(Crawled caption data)
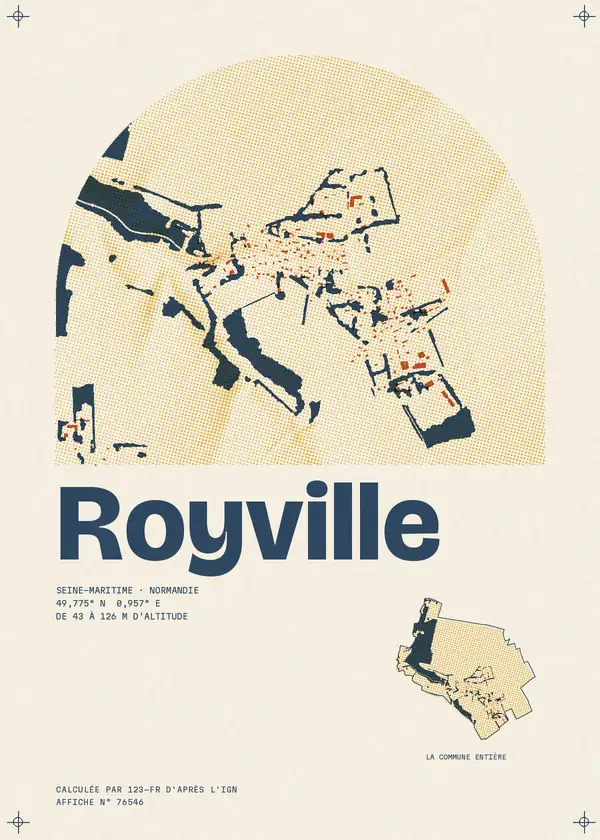 Affiche de Royville, calculée par 123-fr d'après l'IGN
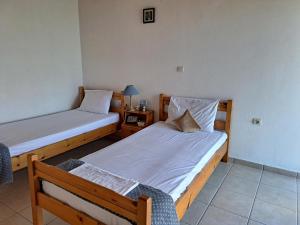 a bedroom with two beds and a night stand at FILOXENIA Apartment 9 in Kómpoi
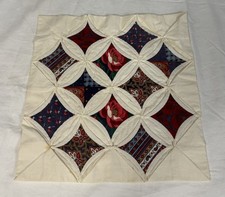 Vintage Handmade Cathedral Window Quilt Block 13x13 Cotton Patchwork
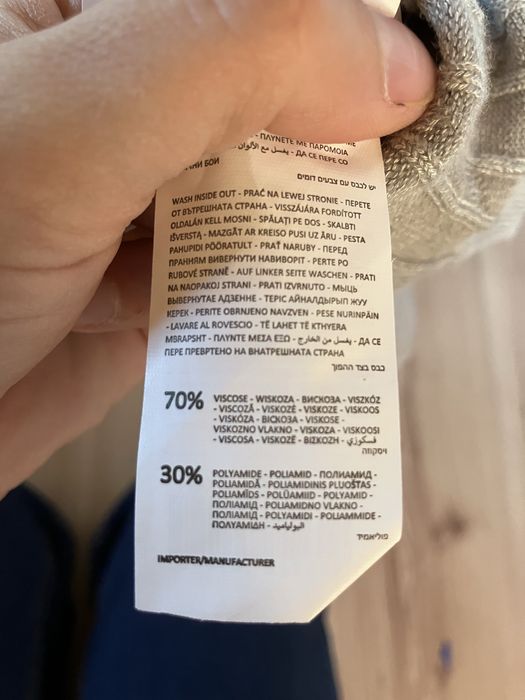 Mohito sweter w warkoczowy splot nowy szary r. s 36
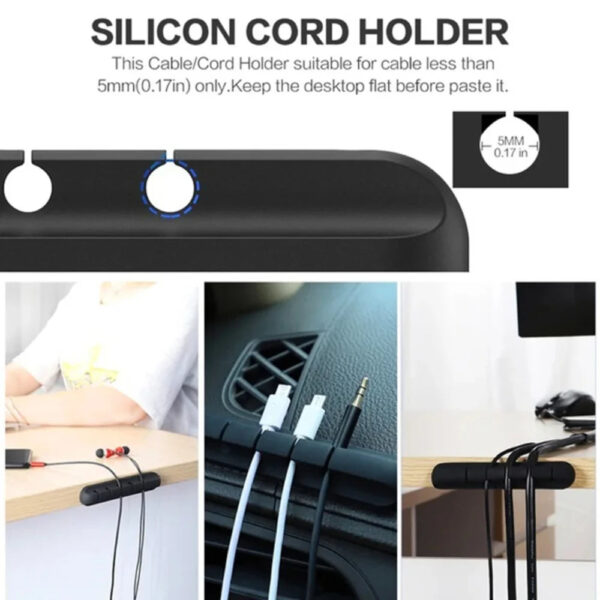 NNBILI Cable Holder Clips Cable Organizer Silicone USB Cable Winder Management Clips Self Adhesive for Mouse Keyboard He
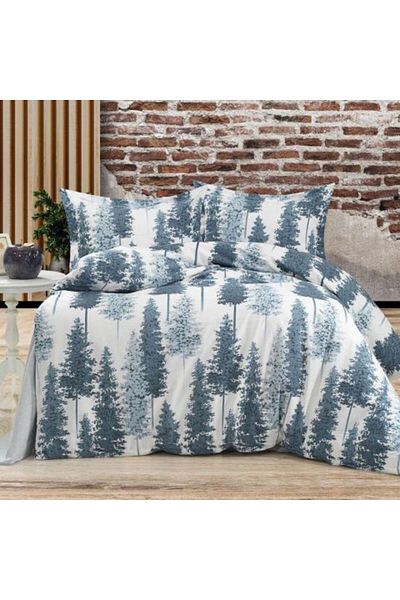 Ralex Double Bed Linen Set Ranforce Cotton 4 Pieces, Blue-Cream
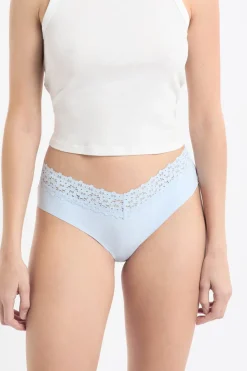 Braga brasileña de cintura baja en forma de V de microfibra y encaje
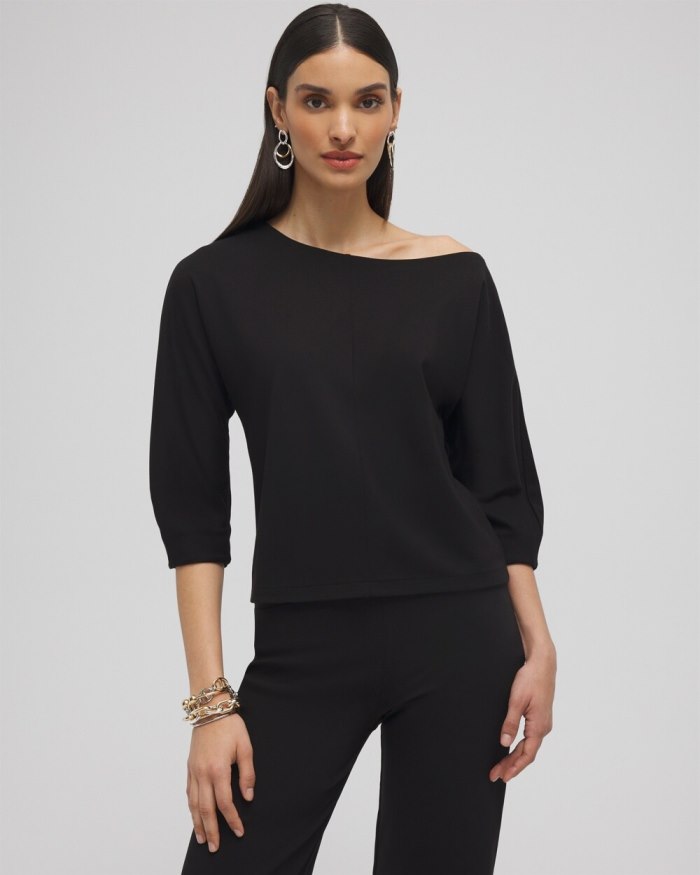 Chicos Ponte Off-The-Shoulder Top - Black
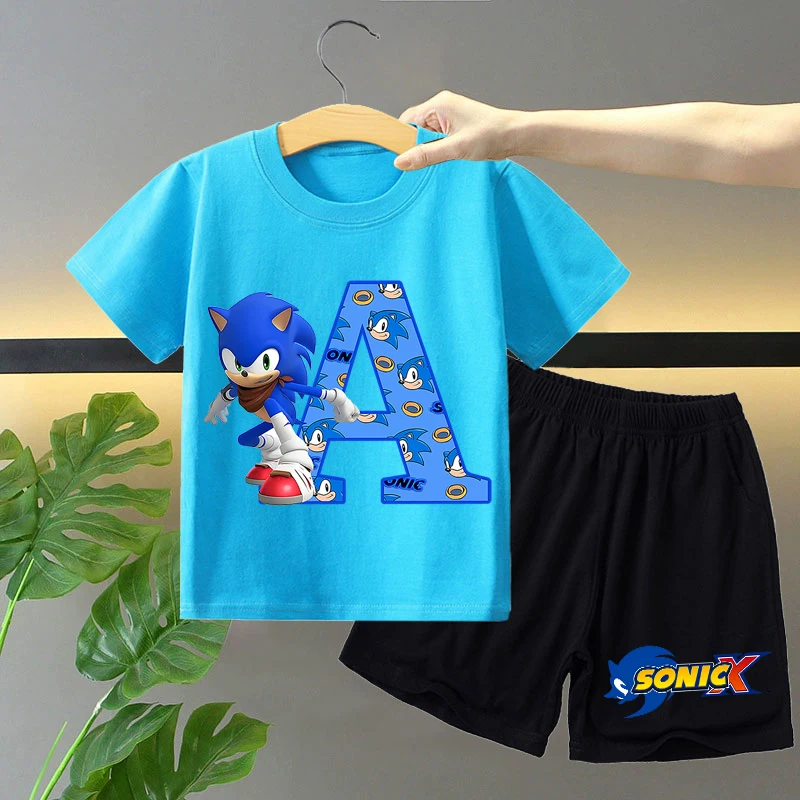 Conjunto infantil de camiseta y pantalón corto Sonics anime veraniego - imagen 5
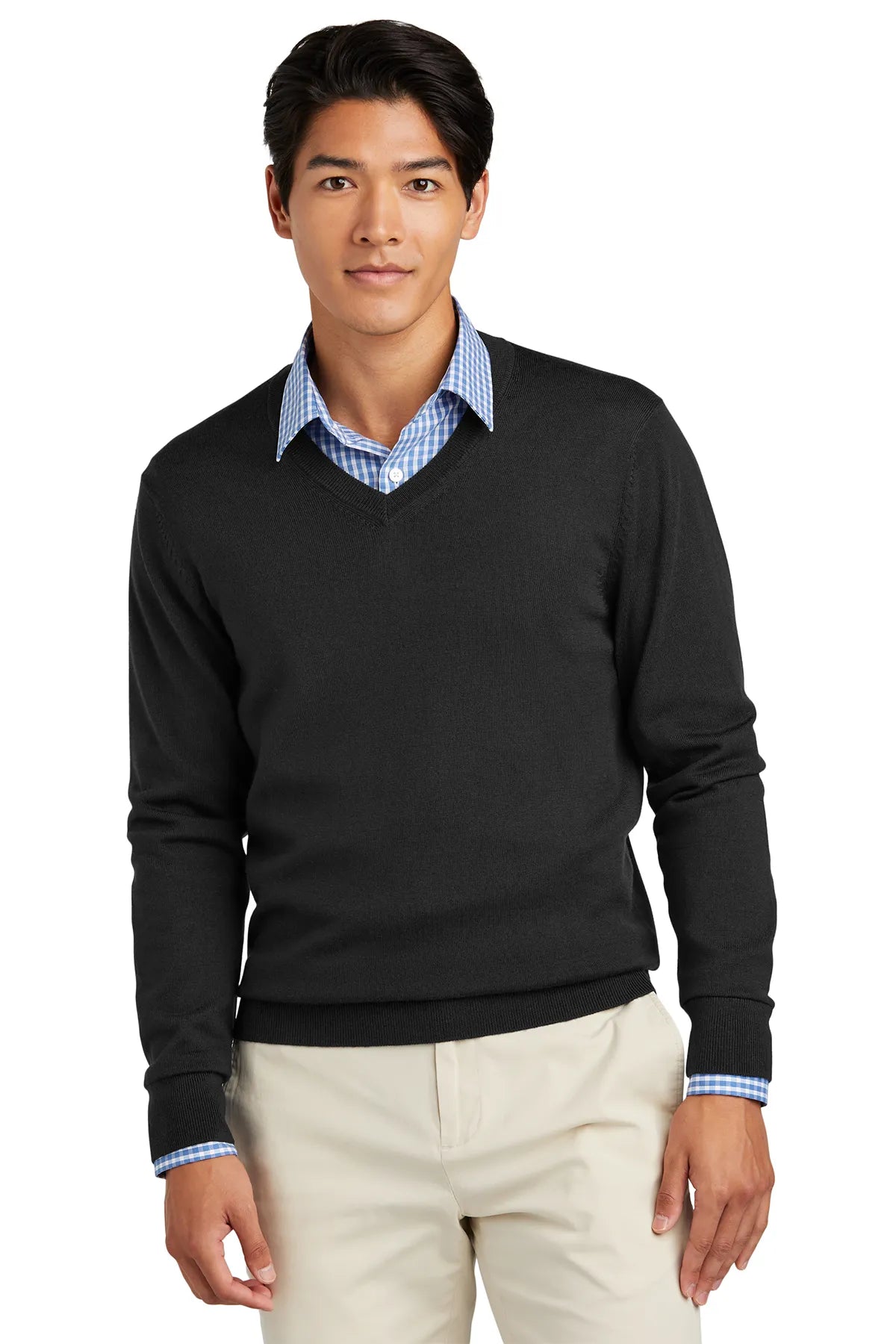 Brooks Brothers® Washable Merino V-Neck Sweater BB18410 Deep Black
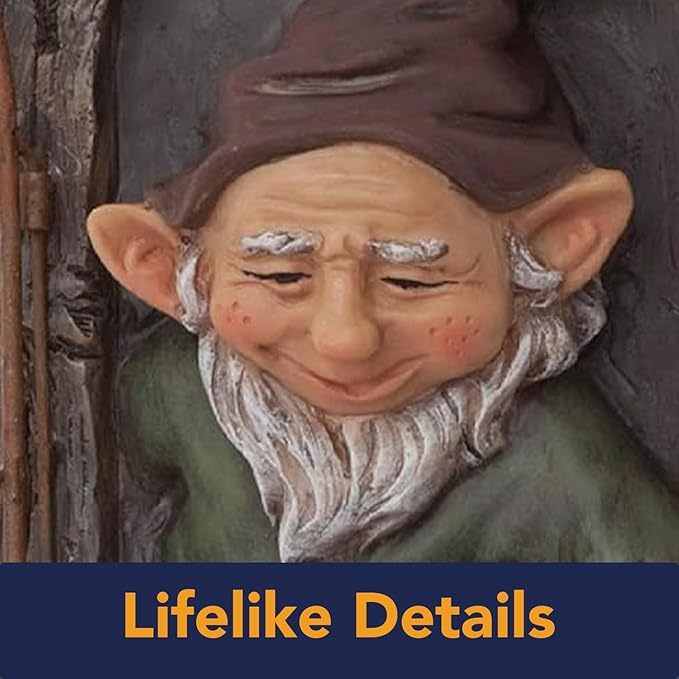 Bits and Pieces Elf Out The Window Yard Decorations Outdoor Tree Faces, 12 Inch Tree Hugger Whimsical Yard Decor, Elf, Fairy, Gnome Garden Decorations, Fun Garden Art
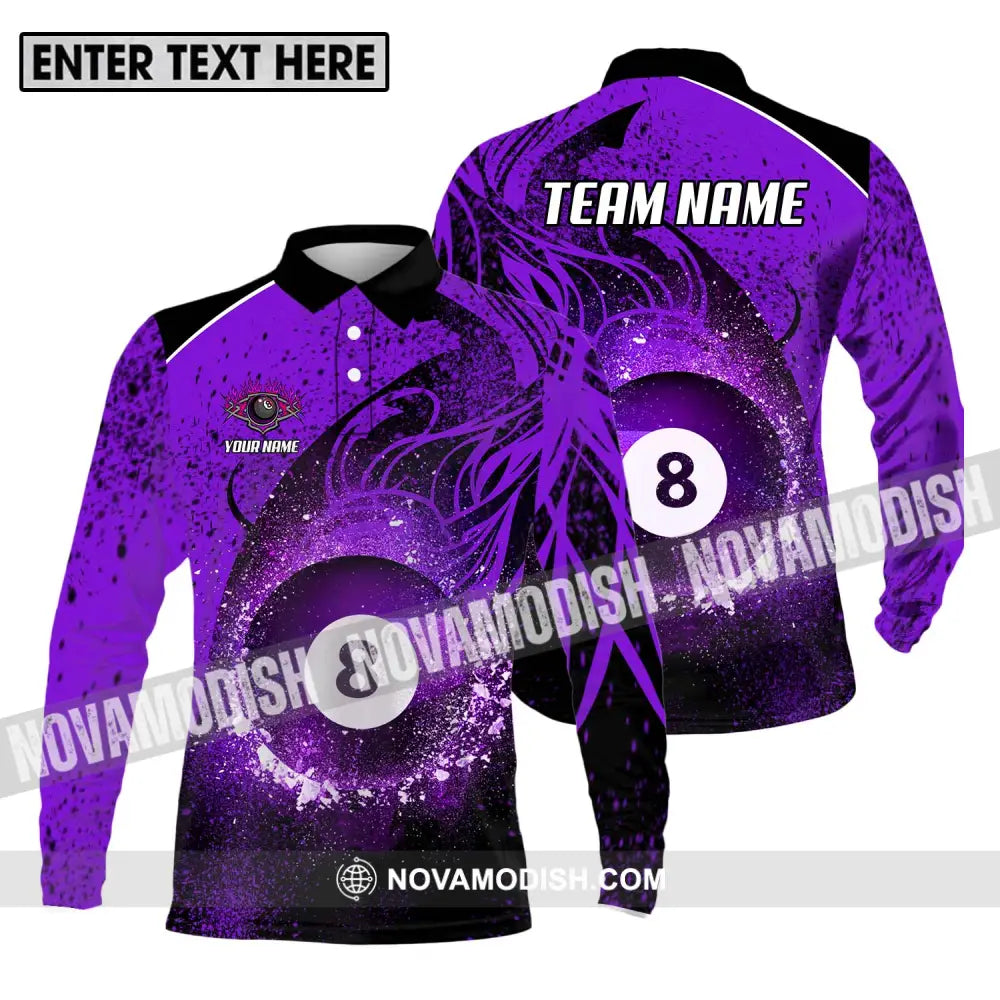 Unisex Shirt - Custom Name And Team Name Shirt Purple Billiard 8 Long Sleeve Polo / S T-shirt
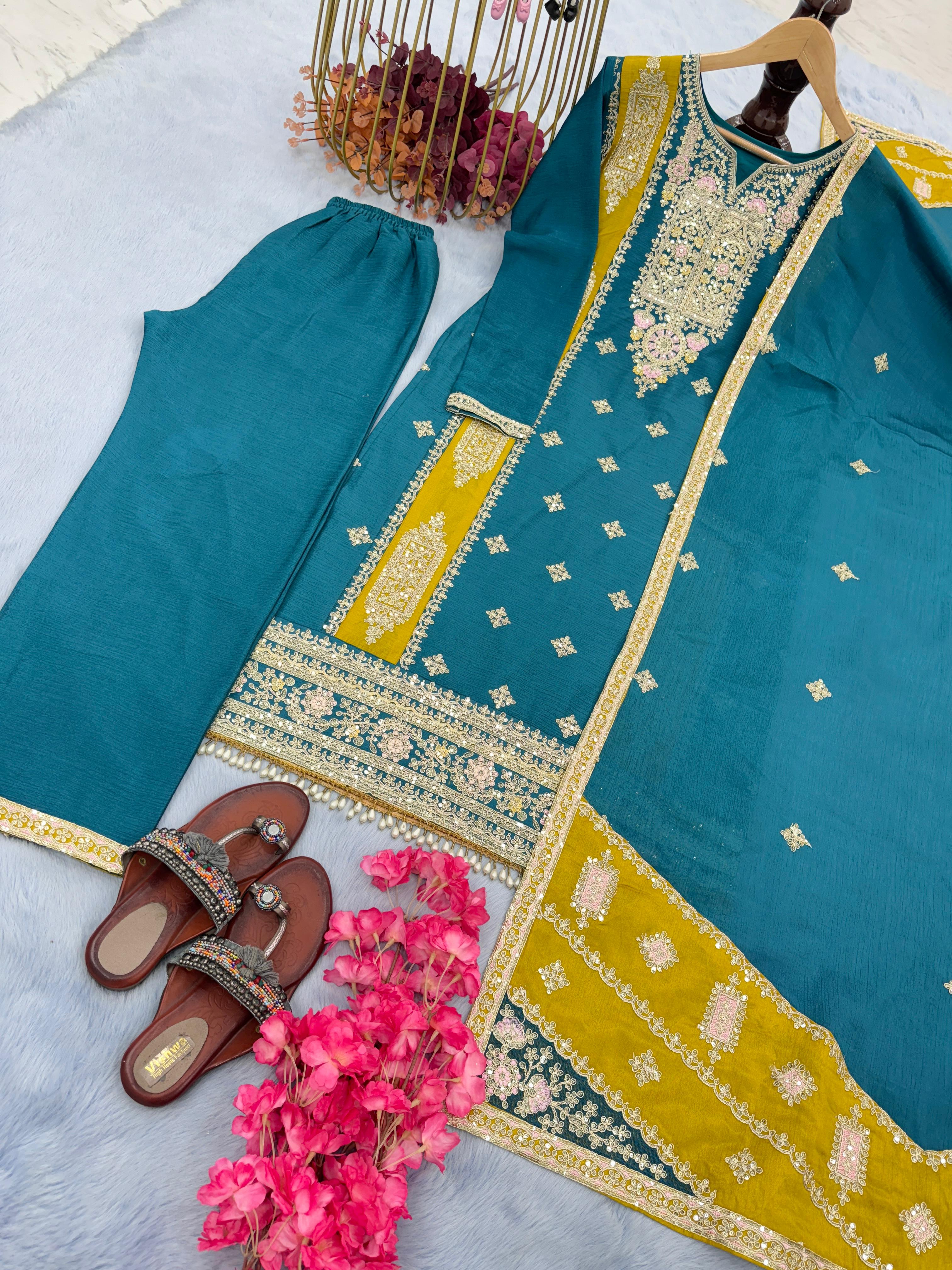 Exclusive Teal Blue Color Embroidery Work Palazzo Suit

Aim of the task :: From the line holding "NNBILI Cable Holder" to the line holding "Brooks Brothers® Washable", both included, retype the entries above exactly and drop the pictures.

Task solution ::
 NNBILI Cable Holder Clips Cable Organizer Silicone USB Cable Winder Management Clips Self Adhesive for Mouse Keyboard He
 Ralex Double Bed Linen Set Ranforce Cotton 4 Pieces, Blue-Cream
 Braga brasileña de cintura baja en forma de V de microfibra y encaje
 Chicos Ponte Off-The-Shoulder Top - Black
 Conjunto infantil de camiseta y pantalón corto Sonics anime veraniego - imagen 5
 Brooks Brothers® Washable Merino V-Neck Sweater BB18410 Deep Black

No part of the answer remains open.